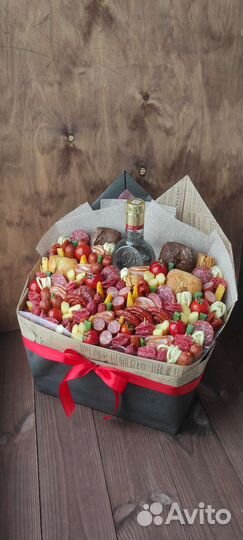 Мужские букеты. Съедобные колбасные букеты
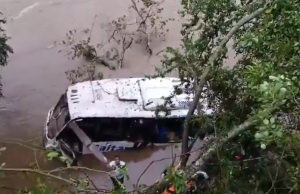 Un muerto tras caída de bus al río Magdalena en Huila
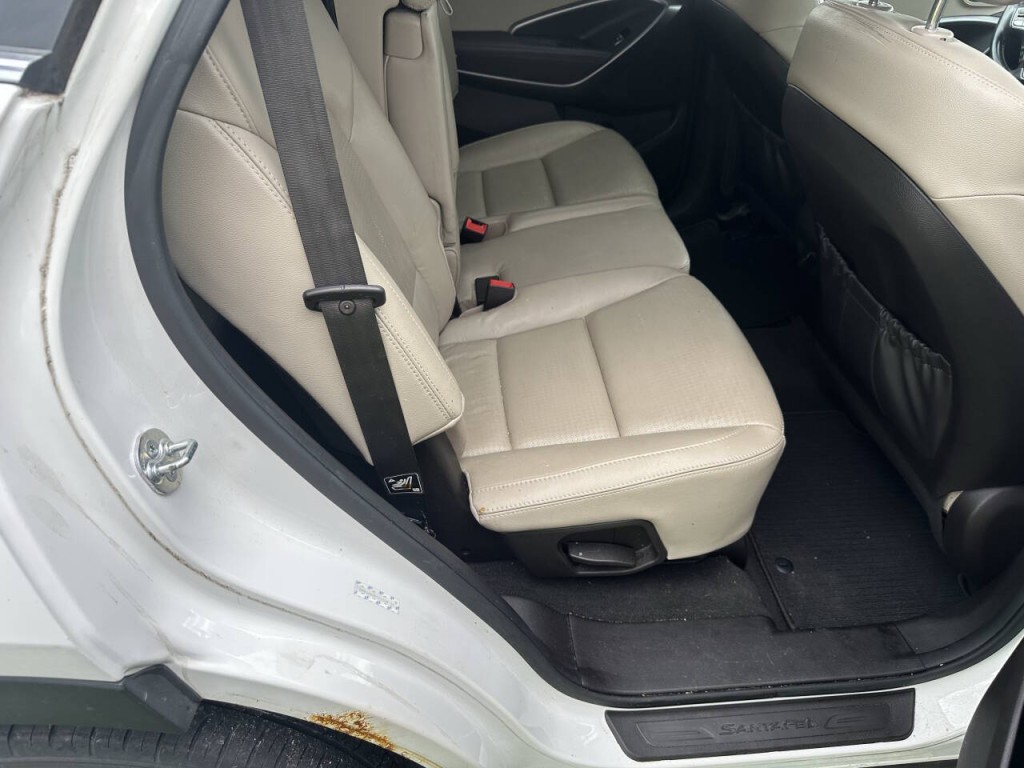 2014 Hyundai Santa Fe Image 20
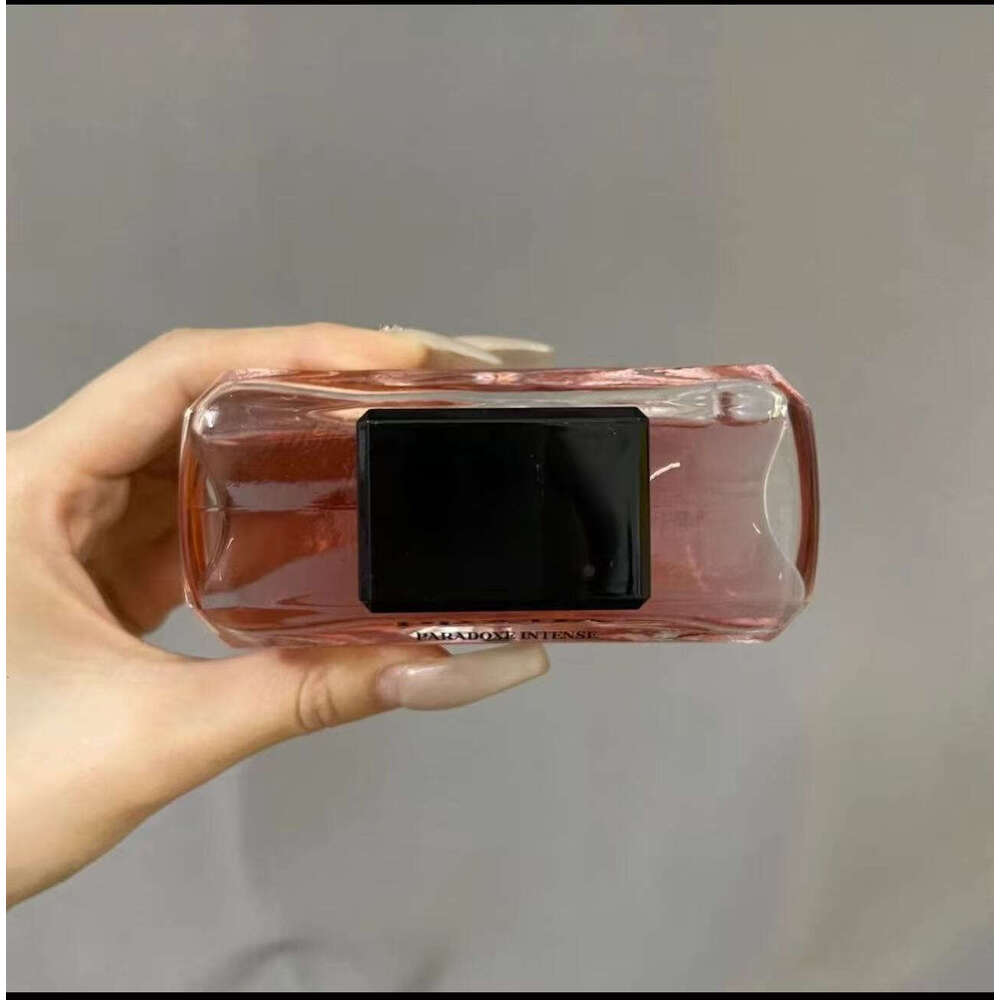 Autumn and winter Women Perfume Virtual Flower scent 90ML intense Parfum Sexy Lady Parfum Gift box set 4*30ml good smell long time lasting Fragrance Fast delivery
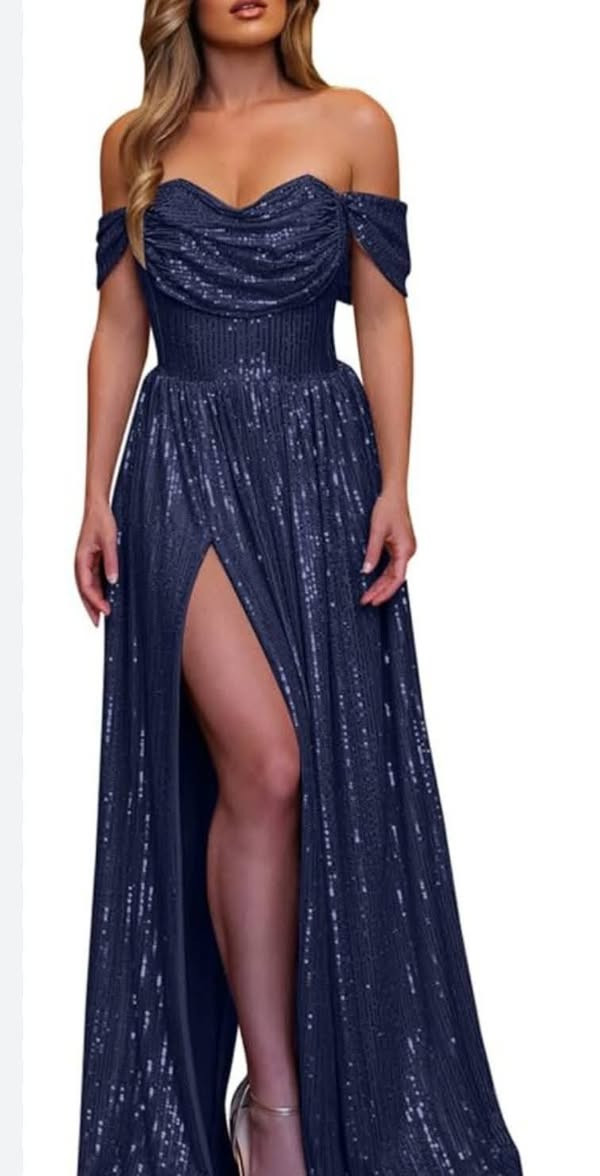 السلام عليكم بنات فساتين للبيع كل فستان وسعره وقياسه جو الصوره والله بنات كلهن ملبوسه  لبسه وحده  حطيت صورهم بل حقيقه وبل عارضه بل واقع بعد احله بهوايه في


**إذا كنت صاحب هذا الإعلان وتريد حذفه لأي سبب، رجاءا أرسل رسالة إلى الدعم الفني**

==================================================

With the pictures left out, copy exactly the lines from the one containing "Autumn and winter" through the final line of the records above, both included.

TASK SOLUTION »
 Autumn and winter Women Perfume Virtual Flower scent 90ML intense Parfum Sexy Lady Parfum Gift box set 4*30ml good smell long time lasting Fragrance Fast delivery
 السلام عليكم بنات فساتين للبيع كل فستان وسعره وقياسه جو الصوره والله بنات كلهن ملبوسه  لبسه وحده  حطيت صورهم بل حقيقه وبل عارضه بل واقع بعد احله بهوايه في


**إذا كنت صاحب هذا الإعلان وتريد حذفه لأي سبب، رجاءا أرسل رسالة إلى الدعم الفني**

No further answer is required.